I don’t have an answer. I’m about to close my computer and sleep through the rest of August’s naptime. I’m not going to wipe the crumbs off the table, or move the load in the washer into the dryer. And after I nap, I’m not even going to walk with August to the library to return our movies that are due today.
But what I’m going to do (and what I’ve needed to do all day) is pray for the grace to accept myself as I am. On days like today, there are a million thoughts of what I should have accomplished by now with my life, thoughts of who I could have cared for if I hadn’t been so concerned with myself, thoughts of the beautiful thing I could have been had I only gotten out of bed earlier and prayed like I meant it.

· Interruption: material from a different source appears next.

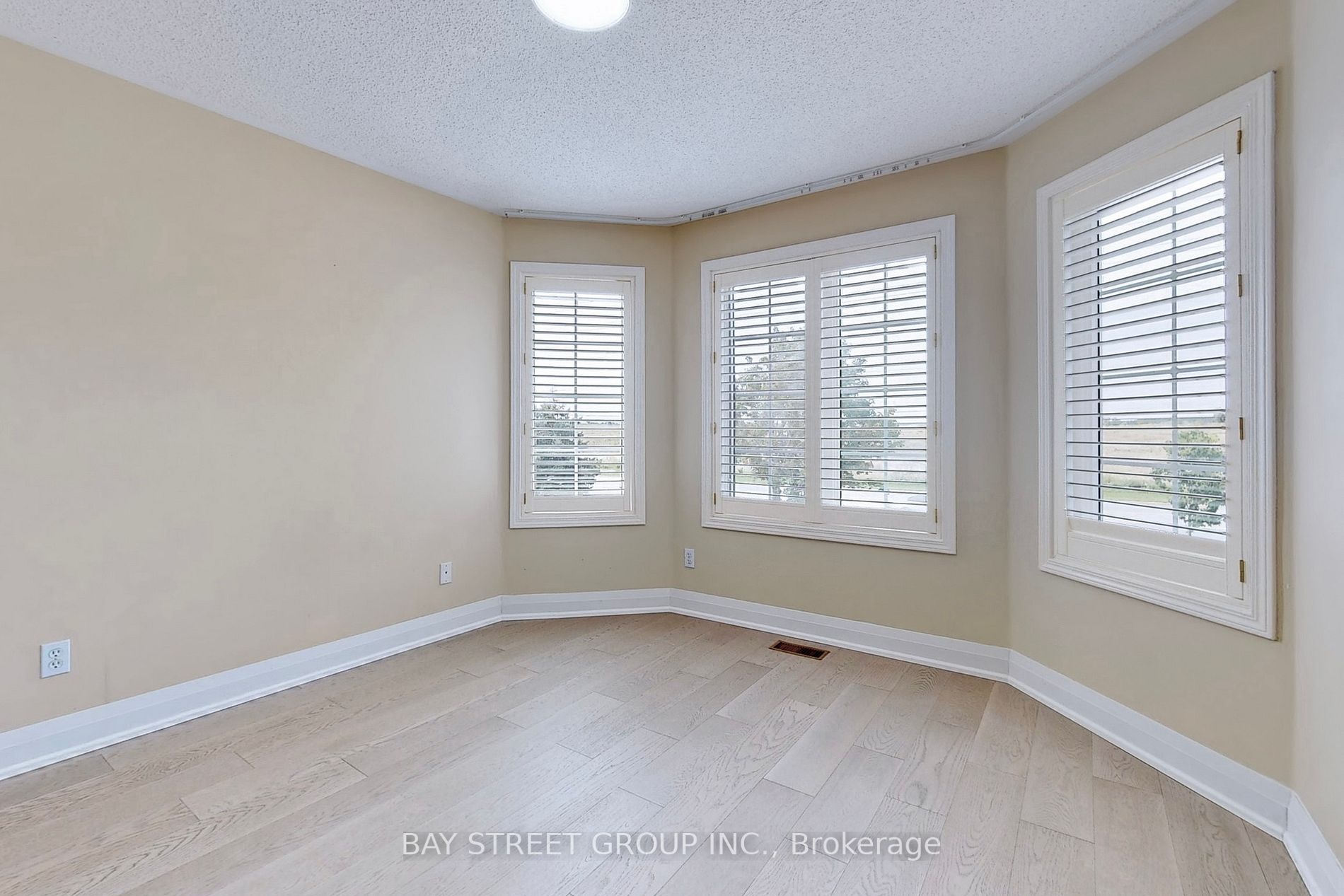 25 Tower Bridge Cres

Esther de Waal says that when a novice enters the Benedictine monastic community and presents his or her vows on the altar, he or she always prays, “Accept me, O Lord” (Living With Contradiction, 28). That’s my prayer today: “Accept me, Lord, exactly as I am. Tired and pregnant and full of self-pity. Accept me as a weakling who needs sleep, a short tempered mama, a failure of a housewife. Accept me a friend who longs to keep in touch but continually misses her opportunity. Accept my body in all its frailties and all its beauty. And let me be yours, despite the incompleteness of my soul.”
Somewhere in the midst of recognizing my own weakness, I may discover that there’s a balance to live into. I’ll go search for it, right after this nap…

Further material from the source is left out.